§ WHAT THE TASK REQUIRES
Find the line in the entries below that contains "Actinidia chinensis". Repeat it exactly, and every line after it through the line that contains "Health & More".

§ AVAILABLE DATA
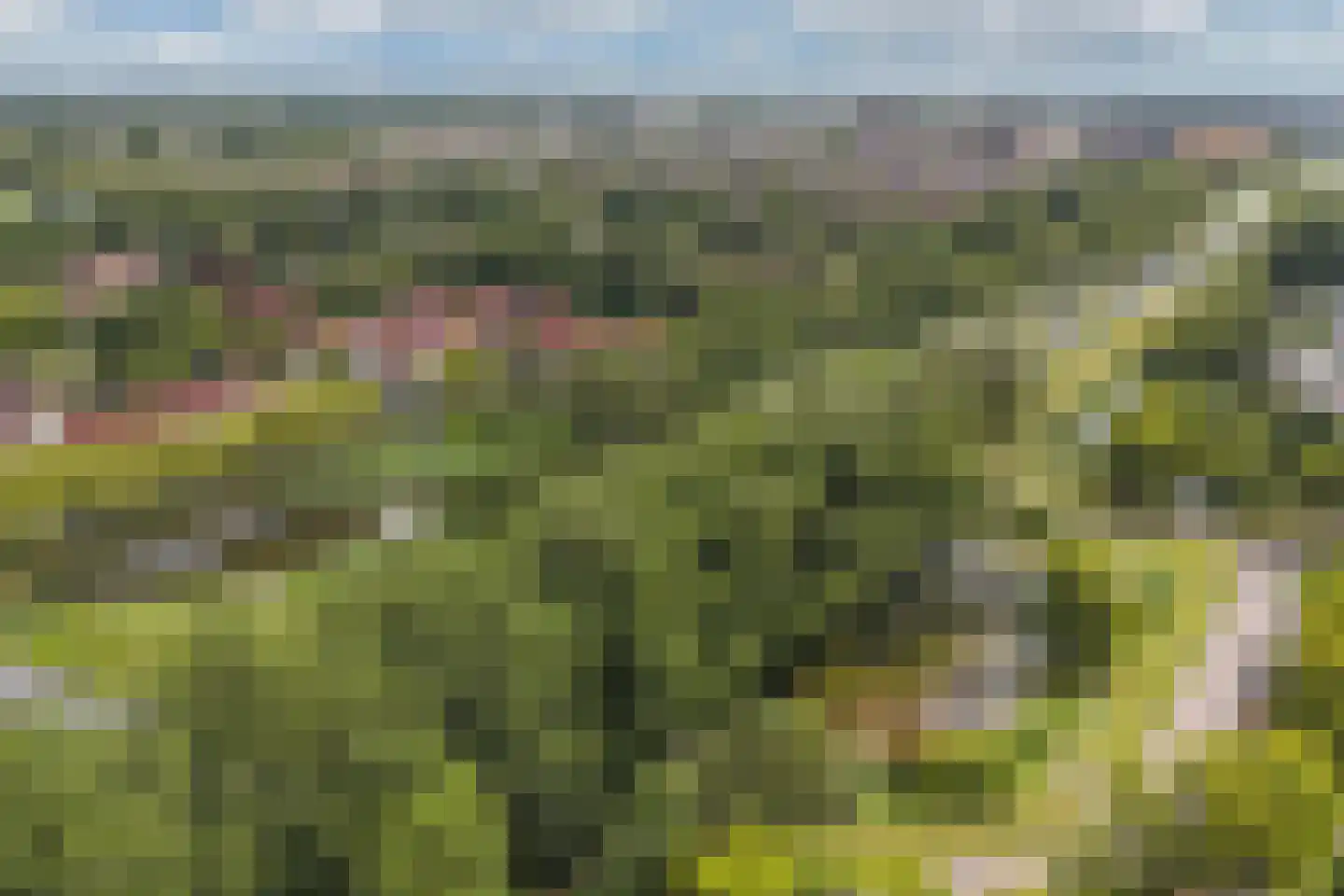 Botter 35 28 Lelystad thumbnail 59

* * *

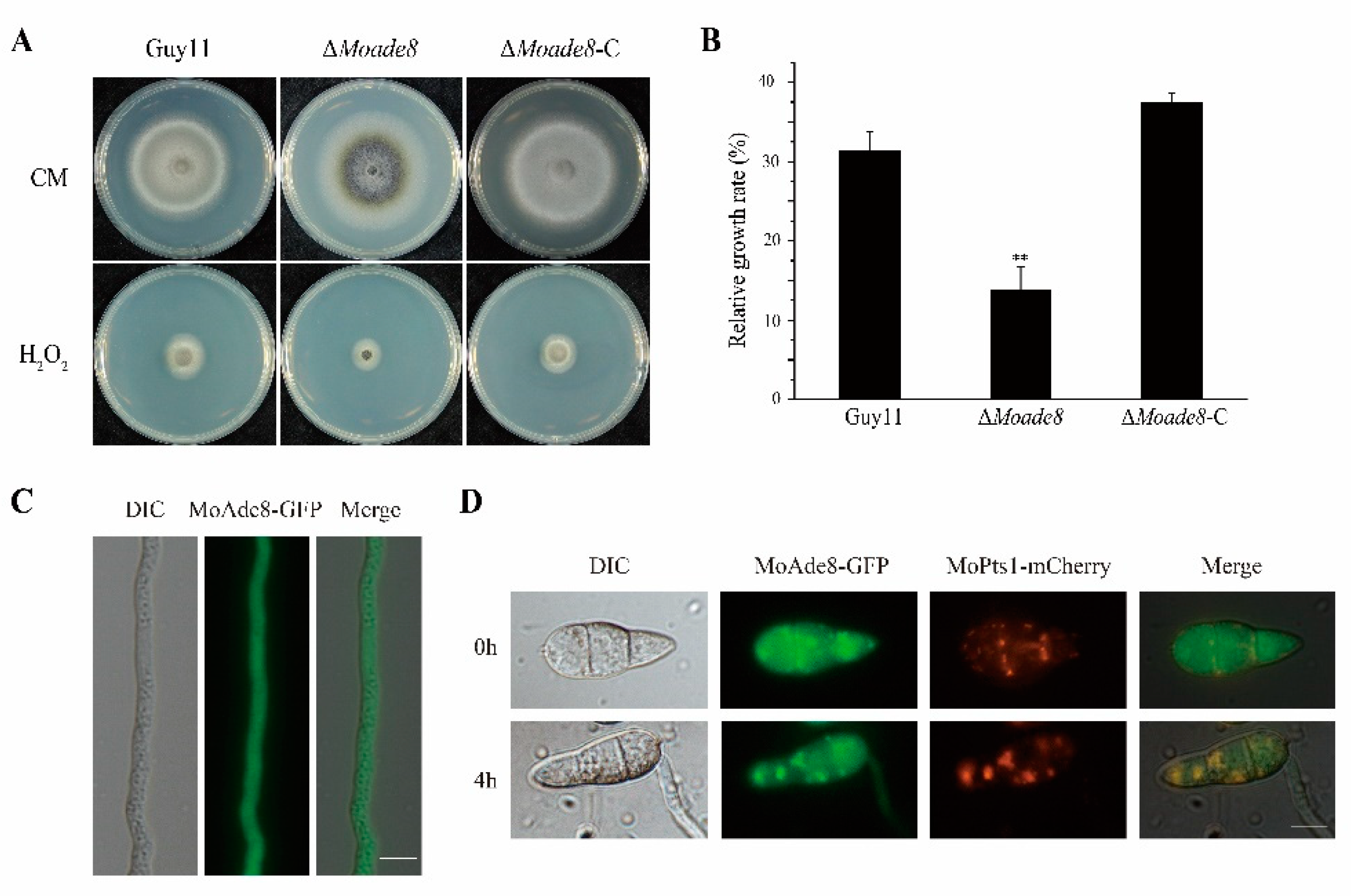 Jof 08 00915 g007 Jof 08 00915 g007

...

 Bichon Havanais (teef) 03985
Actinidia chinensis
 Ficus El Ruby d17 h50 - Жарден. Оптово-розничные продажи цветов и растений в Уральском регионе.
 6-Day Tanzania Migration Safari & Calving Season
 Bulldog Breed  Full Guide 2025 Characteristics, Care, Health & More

§ WORKED SOLUTION
Actinidia chinensis
 Ficus El Ruby d17 h50 - Жарден. Оптово-розничные продажи цветов и растений в Уральском регионе.
 6-Day Tanzania Migration Safari & Calving Season
 Bulldog Breed  Full Guide 2025 Characteristics, Care, Health & More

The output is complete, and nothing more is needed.